Dickens again stresses the stark sub-humanity of this sad monkey tribe:
Judy never owned a doll, never heard of Cinderella, never played at any game. […] She seemed like an animal of another species […] And her twin brother couldn’t wind up a top for his life. He knows no more of Jack the Giant Killer, or of Sinbad the Sailor, than he knows of the people in the stars.

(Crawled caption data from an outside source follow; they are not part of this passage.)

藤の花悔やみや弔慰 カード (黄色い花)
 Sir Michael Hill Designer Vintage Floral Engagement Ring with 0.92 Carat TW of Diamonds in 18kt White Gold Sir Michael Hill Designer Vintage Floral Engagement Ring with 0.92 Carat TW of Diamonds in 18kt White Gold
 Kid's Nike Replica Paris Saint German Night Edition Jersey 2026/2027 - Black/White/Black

Dickens’ depiction of the Smallweeds is a vehicle for his attack on greed. Yet its nastiness seems to reflect a fear that Victorians shared more with monkeys than their preachers were willing to grant. While Dickens understandably follows writers like Jardine in depicting monkeys as completely alien to “higher” human thinking and feeling, how exactly does the narrator know anything more than the monkey tribe about “the people in the stars”? At this point there appears to be a break between the Dickensian narrator and Dickens himself, who may be wondering if we know as much as we pretend to know. The last simian image we see is the grandfather in Chapter 26 “turning up his velvet cap, and scratching his ear like a monkey.”